事件か事故が遭ったのだろう…。それにしても気になったのはモップでアスファルトを清掃している人がいたことだ。
出版社に戻ると、タレントが自殺したという話題で大騒ぎになっていた。
「岡田有希子が事務所の屋上から飛び降りた」と…。
あのモップがけは彼女の血痕を洗い流していたのだ。
ショックだったね。彼女は売れっ子アイドルだったし、個人的には一度も取材した事がなかったのでぜひ会いたいと思っていたからだ。しかも、出身中学が同じで先輩後輩の間柄だったので、よけいに親近感を持っていたのだ。
しかし、もっとショッキングだったのは、彼女の自殺がマスコミで報じられた直後の出来事。編集部の電話が一斉に鳴り始めたのだ。相手はすべて書店。岡田有希子関連の本の注文だった。アイドル専門の出版社なので、単行本や写真集を多く出しており、当然その中には数年前に出した岡田有希子の在庫本も含まれている。
人気絶頂だった彼女が自殺というセンセーショナルな死に方をしたために、これから注目を浴びるということが書店業界の関係者には分かっていたのだ。にわかファンや関心を持った一般人らに本が売れるということを知っていたからだ。出版社にしても、過去に出した本が在庫処分できるわけだから悪い話ではない。
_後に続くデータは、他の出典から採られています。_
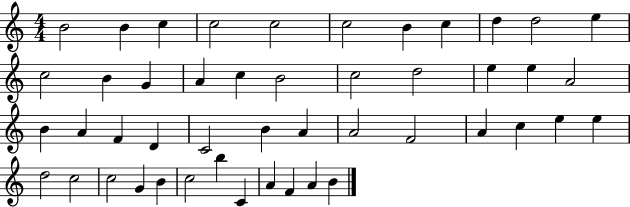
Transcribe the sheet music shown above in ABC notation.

X:1
T:Untitled
M:4/4
L:1/4
K:C
B2 B c c2 c2 c2 B c d d2 e c2 B G A c B2 c2 d2 e e A2 B A F D C2 B A A2 F2 A c e e d2 c2 c2 G B c2 b C A F A B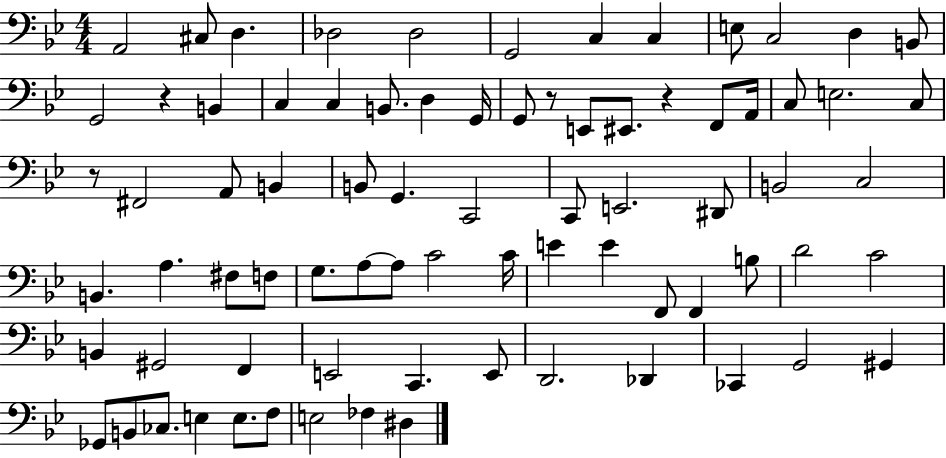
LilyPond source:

{
  \clef bass
  \numericTimeSignature
  \time 4/4
  \key bes \major
  a,2 cis8 d4. | des2 des2 | g,2 c4 c4 | e8 c2 d4 b,8 | \break g,2 r4 b,4 | c4 c4 b,8. d4 g,16 | g,8 r8 e,8 eis,8. r4 f,8 a,16 | c8 e2. c8 | \break r8 fis,2 a,8 b,4 | b,8 g,4. c,2 | c,8 e,2. dis,8 | b,2 c2 | \break b,4. a4. fis8 f8 | g8. a8~~ a8 c'2 c'16 | e'4 e'4 f,8 f,4 b8 | d'2 c'2 | \break b,4 gis,2 f,4 | e,2 c,4. e,8 | d,2. des,4 | ces,4 g,2 gis,4 | \break ges,8 b,8 ces8. e4 e8. f8 | e2 fes4 dis4 | \bar "|."
}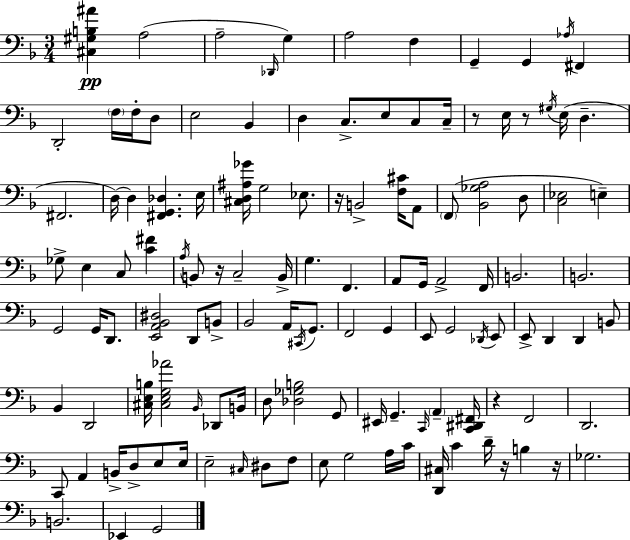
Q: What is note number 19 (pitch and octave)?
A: E3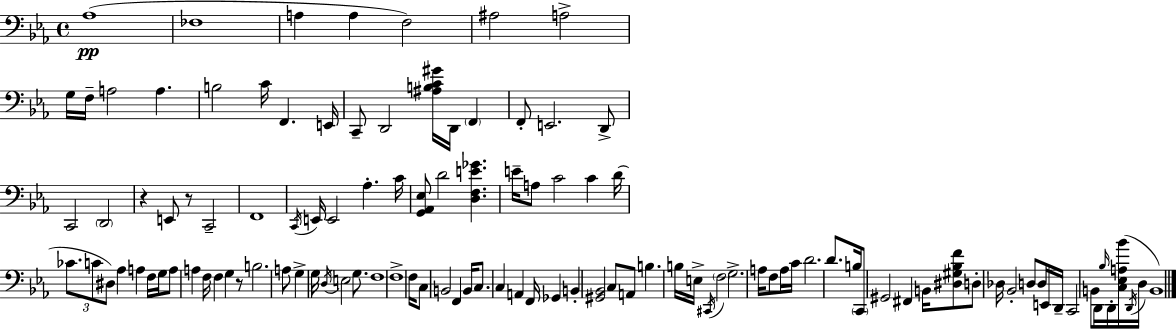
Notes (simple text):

Ab3/w FES3/w A3/q A3/q F3/h A#3/h A3/h G3/s F3/s A3/h A3/q. B3/h C4/s F2/q. E2/s C2/e D2/h [A#3,B3,C4,G#4]/s D2/s F2/q F2/e E2/h. D2/e C2/h D2/h R/q E2/e R/e C2/h F2/w C2/s E2/s E2/h Ab3/q. C4/s [G2,Ab2,Eb3]/e D4/h [D3,F3,E4,Gb4]/q. E4/s A3/e C4/h C4/q D4/s CES4/e. C4/e D#3/e Ab3/q A3/q F3/s G3/s A3/e A3/q F3/s F3/q G3/q R/e B3/h. A3/e G3/q G3/s D3/s E3/h G3/e. F3/w F3/w F3/s C3/e B2/h F2/q B2/s C3/e. C3/q A2/q F2/s Gb2/q B2/q [G#2,Bb2]/h C3/e A2/e B3/q. B3/s E3/s C#2/s F3/h G3/h. A3/s F3/e A3/s C4/s D4/h. D4/e. B3/s C2/e G#2/h F#2/q B2/s [D#3,G#3,Bb3,F4]/e D3/e Db3/s Bb2/h D3/e D3/s E2/s D2/s C2/h B2/e D2/s Bb3/s D2/s [C3,Eb3,A3,Bb4]/s D2/s D3/s B2/w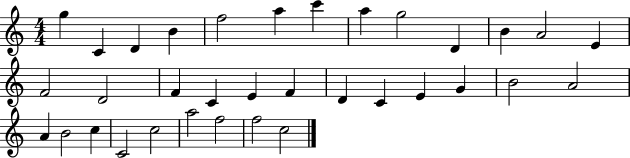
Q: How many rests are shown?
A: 0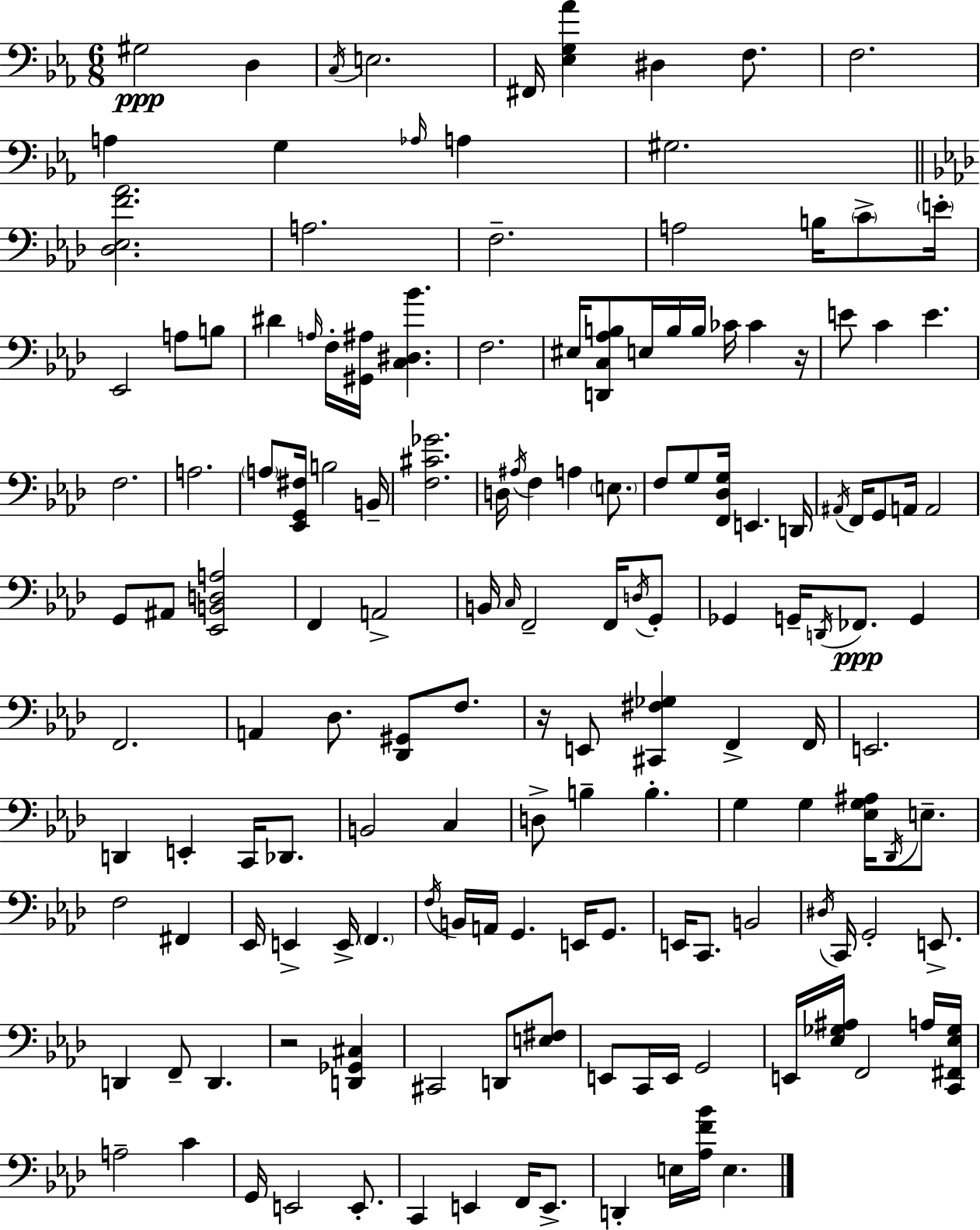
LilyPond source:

{
  \clef bass
  \numericTimeSignature
  \time 6/8
  \key ees \major
  gis2\ppp d4 | \acciaccatura { c16 } e2. | fis,16 <ees g aes'>4 dis4 f8. | f2. | \break a4 g4 \grace { aes16 } a4 | gis2. | \bar "||" \break \key f \minor <des ees f' aes'>2. | a2. | f2.-- | a2 b16 \parenthesize c'8-> \parenthesize e'16-. | \break ees,2 a8 b8 | dis'4 \grace { a16 } f16-. <gis, ais>16 <c dis bes'>4. | f2. | eis16 <d, c aes b>8 e16 b16 b16 ces'16 ces'4 | \break r16 e'8 c'4 e'4. | f2. | a2. | \parenthesize a8 <ees, g, fis>16 b2 | \break b,16-- <f cis' ges'>2. | d16 \acciaccatura { ais16 } f4 a4 \parenthesize e8. | f8 g8 <f, des g>16 e,4. | d,16 \acciaccatura { ais,16 } f,16 g,8 a,16 a,2 | \break g,8 ais,8 <ees, b, d a>2 | f,4 a,2-> | b,16 \grace { c16 } f,2-- | f,16 \acciaccatura { d16 } g,8-. ges,4 g,16-- \acciaccatura { d,16 }\ppp fes,8. | \break g,4 f,2. | a,4 des8. | <des, gis,>8 f8. r16 e,8 <cis, fis ges>4 | f,4-> f,16 e,2. | \break d,4 e,4-. | c,16 des,8. b,2 | c4 d8-> b4-- | b4.-. g4 g4 | \break <ees g ais>16 \acciaccatura { des,16 } e8.-- f2 | fis,4 ees,16 e,4-> | e,16-> \parenthesize f,4. \acciaccatura { f16 } b,16 a,16 g,4. | e,16 g,8. e,16 c,8. | \break b,2 \acciaccatura { dis16 } c,16 g,2-. | e,8.-> d,4 | f,8-- d,4. r2 | <d, ges, cis>4 cis,2 | \break d,8 <e fis>8 e,8 c,16 | e,16 g,2 e,16 <ees ges ais>16 f,2 | a16 <c, fis, ees ges>16 a2-- | c'4 g,16 e,2 | \break e,8.-. c,4 | e,4 f,16 e,8.-> d,4-. | e16 <aes f' bes'>16 e4. \bar "|."
}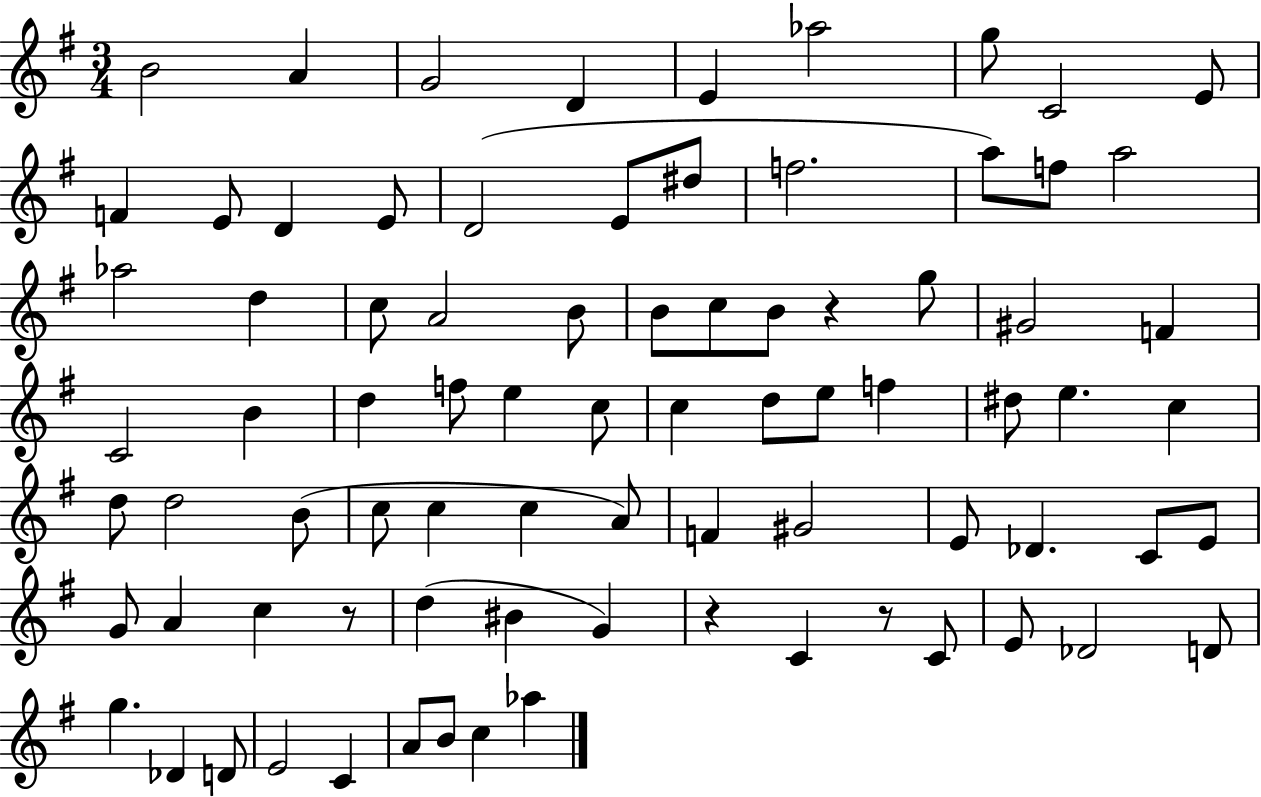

しかし、あまり気持ちのいいものではなかった。なぜなら、死者で金儲けをするということだから…。なんだか辛かった…。でも、これが商業主義の現実…。
ところが、死ぬと本は売れるが、警察沙汰などのスキャンダルでは売れない。私は織田無道住職の本の編集を3冊ほど携わっている。2002年9月に逮捕された時、不謹慎ながら話題性で再び本が売れるかなと思っていた。そこで、事件の翌日に本屋に状況を見に行った。それまでは棚に1冊だけしか置かれていなかったのだが、今度は平積みにされているだろうと思って!
撤去されていた…。
[編集後記]
ユッコの自殺から約一ヵ月後、自称超能力タレントを名乗っていたエスパー伊東を取材した。彼の芸が本物かどうかは別として、オカルト関係に詳しかったことは確かだ。そこで、私が偶然にも自殺直後の現場を通った話をしたところ次のようなことを言われた。
「それはおびき寄せ現象ですよ。自殺した人の魂が、寂しさのあまり自分と何らかの関係のある人を呼んだのです。あなた達は中学の先輩と後輩という間柄だったんでしょ? だからです。そうでなければ、あんなセンセーショナルな現場をリアルタイムで通ったりしませんよ」
う~ん、妙に納得してしまった自分が悔しい…。